__TASK INSTRUCTIONS__
In the records below, find the line that contains "Camiseta manga corta" and the line that contains "Álbum de sellos de España", then retype exactly those two lines and every line between them.

**** RECORDS ****

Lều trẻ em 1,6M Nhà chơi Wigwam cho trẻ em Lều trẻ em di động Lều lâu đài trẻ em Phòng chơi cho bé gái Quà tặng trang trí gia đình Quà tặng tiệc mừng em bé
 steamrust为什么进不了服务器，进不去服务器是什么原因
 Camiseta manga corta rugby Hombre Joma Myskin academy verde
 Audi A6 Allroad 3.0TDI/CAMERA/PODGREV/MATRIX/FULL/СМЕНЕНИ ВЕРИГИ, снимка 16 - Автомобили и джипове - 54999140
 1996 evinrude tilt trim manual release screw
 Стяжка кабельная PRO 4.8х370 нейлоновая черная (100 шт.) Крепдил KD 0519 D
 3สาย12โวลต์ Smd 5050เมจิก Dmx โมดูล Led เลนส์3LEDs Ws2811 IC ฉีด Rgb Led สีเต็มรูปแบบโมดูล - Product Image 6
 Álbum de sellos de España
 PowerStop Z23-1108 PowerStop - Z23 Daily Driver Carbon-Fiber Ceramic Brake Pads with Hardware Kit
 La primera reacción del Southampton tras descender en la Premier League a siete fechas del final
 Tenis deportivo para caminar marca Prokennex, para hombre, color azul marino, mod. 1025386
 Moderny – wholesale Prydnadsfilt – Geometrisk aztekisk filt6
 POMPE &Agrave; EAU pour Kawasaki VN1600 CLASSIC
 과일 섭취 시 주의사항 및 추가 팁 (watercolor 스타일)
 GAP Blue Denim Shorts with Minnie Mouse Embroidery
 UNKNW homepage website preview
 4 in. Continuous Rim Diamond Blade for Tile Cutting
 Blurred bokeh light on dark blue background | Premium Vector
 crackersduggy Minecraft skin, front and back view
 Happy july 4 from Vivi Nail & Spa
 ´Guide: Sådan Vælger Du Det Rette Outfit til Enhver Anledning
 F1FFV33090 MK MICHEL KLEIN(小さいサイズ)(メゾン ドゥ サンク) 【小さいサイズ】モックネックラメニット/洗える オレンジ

****

__RESULT__
 Camiseta manga corta rugby Hombre Joma Myskin academy verde
 Audi A6 Allroad 3.0TDI/CAMERA/PODGREV/MATRIX/FULL/СМЕНЕНИ ВЕРИГИ, снимка 16 - Автомобили и джипове - 54999140
 1996 evinrude tilt trim manual release screw
 Стяжка кабельная PRO 4.8х370 нейлоновая черная (100 шт.) Крепдил KD 0519 D
 3สาย12โวลต์ Smd 5050เมจิก Dmx โมดูล Led เลนส์3LEDs Ws2811 IC ฉีด Rgb Led สีเต็มรูปแบบโมดูล - Product Image 6
 Álbum de sellos de España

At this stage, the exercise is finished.